Representative Edolphus Towns, a Brooklyn Democrat, said he had begun to take fuel economy into consideration and recently traded in his 2005 Lincoln Town Car (at $845 a month) for a 2008 Lincoln MKX, called a crossover utility vehicle, (at $715 a month).
“I no longer have the big car because of the gas situation,” Mr. Towns said.
It turns out, however, that the Town Car and the MKX get the same gas mileage: about 16 m.p.g. in the city and 23 on the highway, according to the Department of Energy. House leaders were concerned enough about the issue that they sent a memo to members suggesting that they consider leasing hybrids, according to one lawmaker who leases. Still, among the New York and New Jersey delegation, only one member — Mr. McNulty — uses a hybrid, according to the best available information.
“I think more members are going to be going to the hybrids,” said Mr. McNulty.
Mr. McNulty would not offer an opinion of members who lease more luxurious cars. “I’m not going to judge another member’s decision,” he said. “Mine was utility.”
Other members stand out for their more downscale choices.
Representative Jim Saxton, a Republican of New Jersey, leases a 2004 Chevy TrailBlazer at what he views as a reasonable $310 a month.
“Congressman Saxton feels an elected public official should choose a car that doesn’t cost taxpayers an extravagant amount,” said Jeff Sagnip, his spokesman.
Of course, there are concerns beyond cost, other members say.
“I can tell you Lexus has one of the best services and is one of the most reliable cars I know,” said Representative Gregory W. Meeks, a Queens Democrat, who leases a 2007 Lexus LS 460 at $998 a month. Mr. Meeks, interviewed a few feet from the House floor last week, seemed reluctant to go into detail, saying he was worried that a story about members’ cars could be “distorted” or negative.
“These are never lighthearted stories,” he said. His spokeswoman declined to discuss details of his leasing agreement.
Mr. Towns said leasing makes sense when you put as many miles on a car as he does traveling his Brooklyn district. He typically turns in the cars every few years. “After two years of traveling in the district, that’s a lot of wear and tear,” he said.
For Representative Louise M. Slaughter, a Buffalo-area Democrat, safety was a worry, given her sprawling district. Ms. Slaughter used to drive her personal car to get around, she said. Then, in 2002, her political rivals in the Legislature in Albany redrew her district, in what she viewed as a deliberate effort to force her from office.
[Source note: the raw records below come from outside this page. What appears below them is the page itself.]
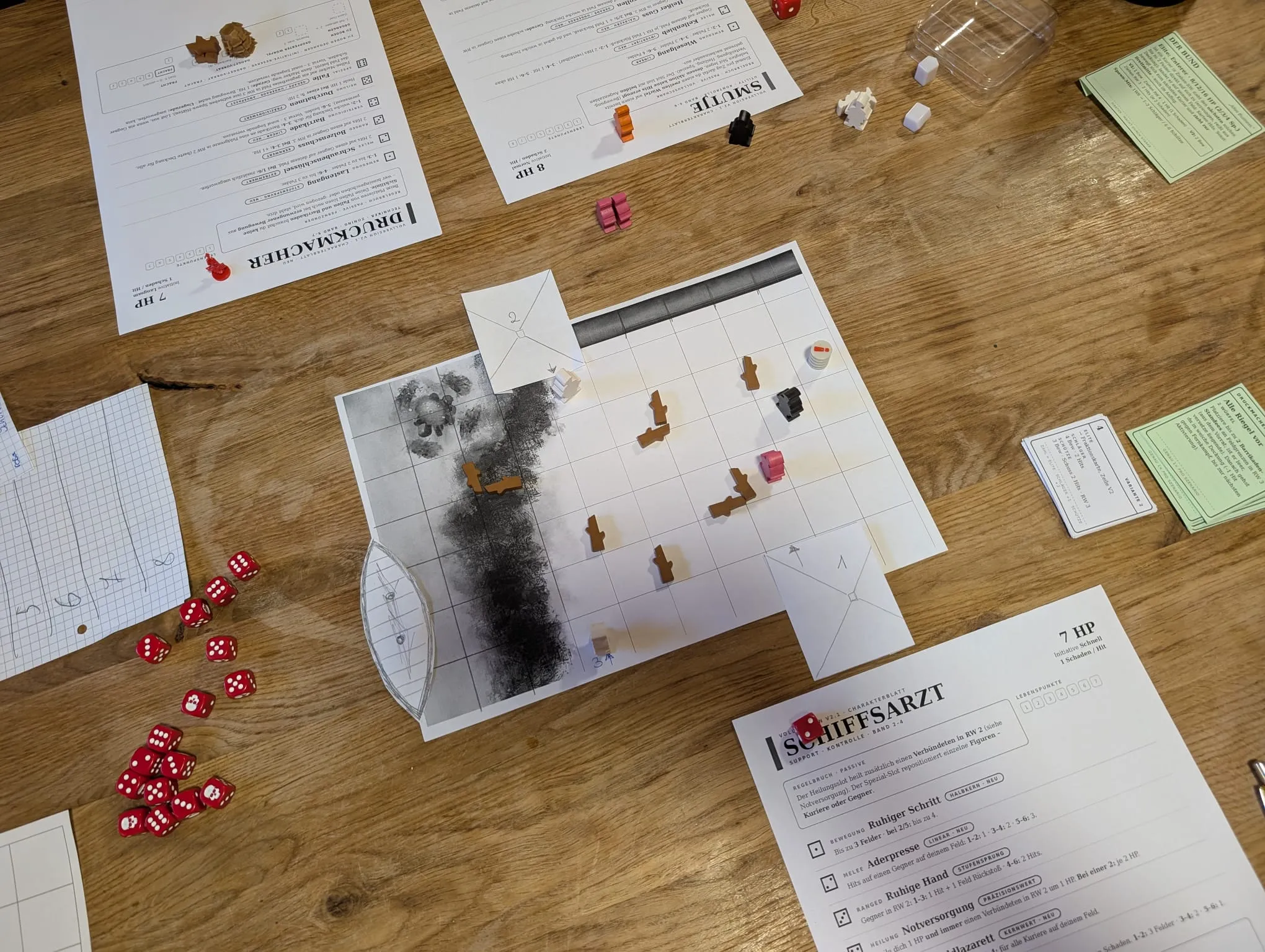 Ausgedrucktes Papierspielfeld auf einem Holztisch, darauf Holzfiguren, daneben rote Würfel und mehrere Charakterbögen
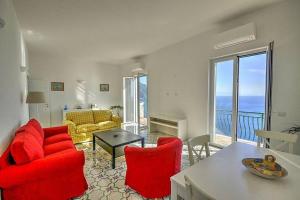 - un salon avec des chaises rouges, un canapé et une table dans l'établissement CASA LONE, à Amalfi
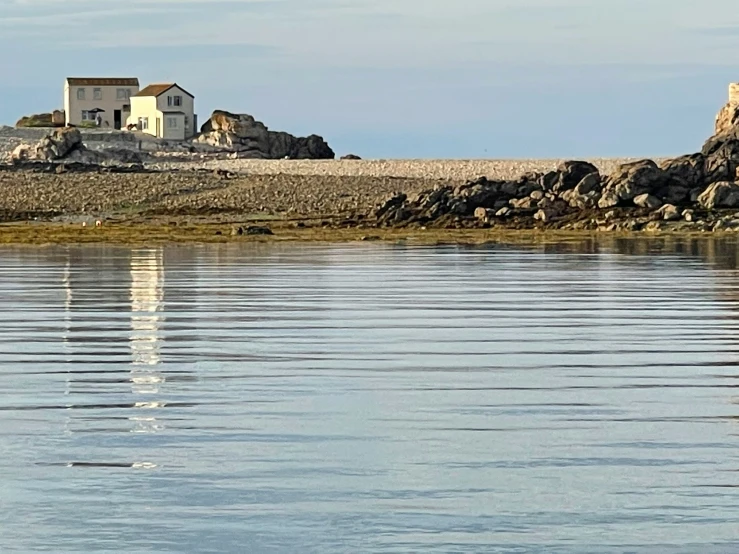 the house is on the island in the water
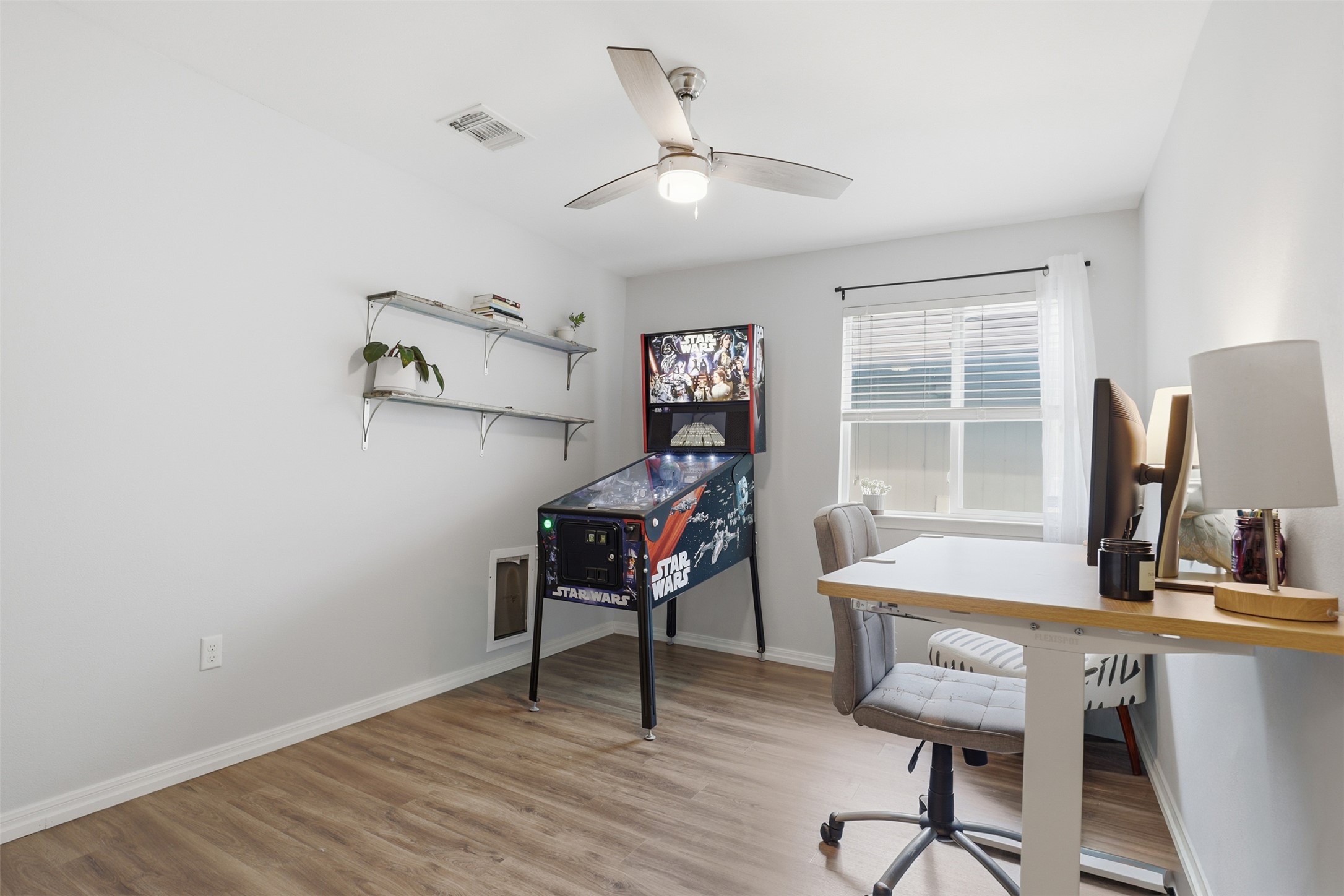 13804 Sierra Wind Lane Elgin, TX 78621 - Photo 19 of 29 a view of a workspace with furniture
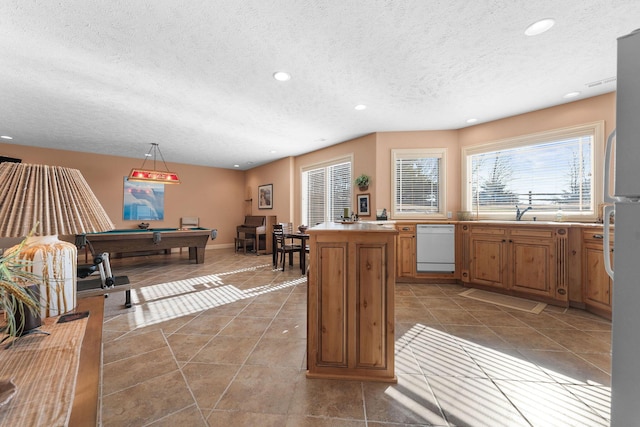 kitchen with pool table, white dishwasher, tile patterned floors, hanging light fixtures, and sink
The new map, she said, resulted in a vast swath of western New York that is treacherous to travel in winter. She turned to a 2007 Buick Lucerne, which she leases for $808.29 a month.
“For the longest time, I didn’t do it at all,” she said of leasing. But the Lucerne, she said, had good traction and, perhaps more important, came equipped with a satellite tracking system. “I figured if I got stuck in a snow bank people could find me,” she said. “If I’m in an accident, they might be able to find me and not have to wait until the thaw.”
Mr. Rangel said he frequently offers rides to constituents so they can discuss their concerns in the luxurious confines of his DeVille.
“I want them to feel that they are somebody and their congressman is somebody,” Mr. Rangel explained. “And when they say, ‘This is nice,’ it feels good.”